Ethno-Nationalist Slogans Penetrate Electoral Campaigns in Kyrgyzstan
|Publication Date||29 September 2010|
|Citation / Document Symbol||Eurasia Daily Monitor Volume: 7 Issue: 175|
|Cite as||Jamestown Foundation, Ethno-Nationalist Slogans Penetrate Electoral Campaigns in Kyrgyzstan, 29 September 2010, Eurasia Daily Monitor Volume: 7 Issue: 175, available at: http://www.refworld.org/docid/4ca4261b2.html [accessed 12 February 2016]|
|Disclaimer||This is not a UNHCR publication. UNHCR is not responsible for, nor does it necessarily endorse, its content. Any views expressed are solely those of the author or publisher and do not necessarily reflect those of UNHCR, the United Nations or its Member States.|
At a time when resources might be better spent on reconciling ethnic groups in Kyrgyzstan, some local politicians prefer to use inter-ethnic tension to boost their popularity. "The titular ethnicity should be titular, it cannot be lower than other ethnicities living in this country. Let them respect our traditions, language and history, only then people will live peacefully. But if any nationality in our country, Russian, Uzbek, Turkish or Chinese claim they are on a par with the Kyrgyz or above them, then the state will collapse," stated Kamchybek Tashiev, a member of Ata Jurt Party, hoping to score additional support for his party during the October 10 parliamentary elections (www.fergana.ru, September 16).

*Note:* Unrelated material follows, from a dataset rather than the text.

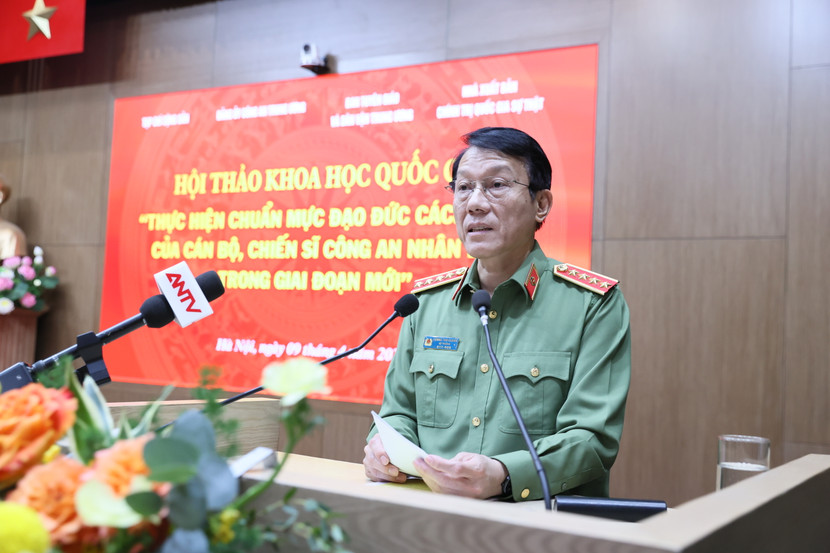 Đại tướng Lương Tam Quang, Ủy viên Bộ Chính trị, Bí thư Đảng ủy Công an Trung ương, Bộ trưởng Bộ Công an phát biểu tại hội thảo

Following the violence in Osh and Jalalabad in June, when over 400 people reportedly died and more than 400,000 were forced out of their homes, Tashiev's sentiments are shared by some in Kyrgyzstan, especially those who think that the conflict has been unjustly reported by the international media. "According to what I know, the Uzbeks started the fight," said one Kyrgyz entrepreneur condemning most media reports. Such views reflect the overall concern shared by some in the country that ethnic Kyrgyz causalities during ethnic clashes have not received proper attention.
Unlike Tashiev, other politicians have abstained from bluntly expressing their views on how they see future inter-ethnic reconciliation developing. Instead, Tashiev has acquired passive support. Informally, Tashiev was praised for participating in calming the protests in the south and for calling upon both Uzbeks and Kyrgyz people to address their concerns in a constructive manner rather than by resorting to violence. If Tashiev's party secures sufficient support in the elections, he might gain a seat in the parliament as he ranks second in his party's list. Politicians such as Tashiev are not fully aware of the differences between "titular" ethnicity and citizenship. The concept of "titular" nationality has been inherited from the Soviet era, when it had a positive connotation and most large ethnic groups were entitled to live under their own ethnic state. At the time, all states were treated as equal parts of the larger union. The leader of the Ata Meken Party, Omurbek Tekebayev, for instance, sporadically mentions the importance of civic rights, but he, like many other local politicians leaders, does not proactively confront his ethno-nationalist compatriots (www.fergana.ru, September 21).
The overall confusion with the "titular" ethnicity terminology prevents some in Kyrgyzstan from confronting Tashiev. That is why the silence concerning his views should not be taken as a sign of wider support. Partly in response to this conceptual ambiguity, some analysts have called for revising history to write a "true" account of how the Kyrgyz and Turkic nations developed (www.akipress.kg, September 22).
Overall, Kyrgyz politicians seem unable to draw a clear line between the perpetrators of the ethnic violence and those who were its unlucky victims. The absence of a credible investigation into the violence by an objective institution worsens these tensions. Rumors continue to spread across the country about how the violence began and who caused it. At this point, it seems that only local NGO's and a few international organizations are currently engaged in the loosely coordinated reconciliation efforts.
The situation is further fueled by political leaders like Osh Mayor, Melis Myrzakhmatov, and local the Uzbek leader, Kadyzhan Batyrov. Both seek to boost ethno-nationalist sentiments among their respective ethnic groups and are believed to have played a key role in instigating the June violence. Both Myrzakhmatov and Batyrov speak to their support base frustrated Kyrgyz who doubt the international portrayal of the conflict and those who think that the Kyrgyz should take responsibility for killing Uzbeks, as well as local Uzbeks who cannot rely upon the Kyrgyz government's protection.
The June violence in Kyrgyzstan has shown that carefully designed civic-based leadership is the key to sustaining the country's stability. Among all its leaders, the former President, Askar Akayev, saw the importance in separating civic rights from ethnic identities. However, Akayev's ready-made templates like "Kyrgyzstan is our common home" aimed at endowing all ethnic groups with equal rights are long forgotten and no major political party deems it important to center their political campaign on ethnic reconciliation programs.
It remains to be seen whether parties like Ata Jurt will be able to gain wide support. If ethnocentric political programs prevail in the elections, reconciliation efforts might prove to be more difficult for both domestic and international actors.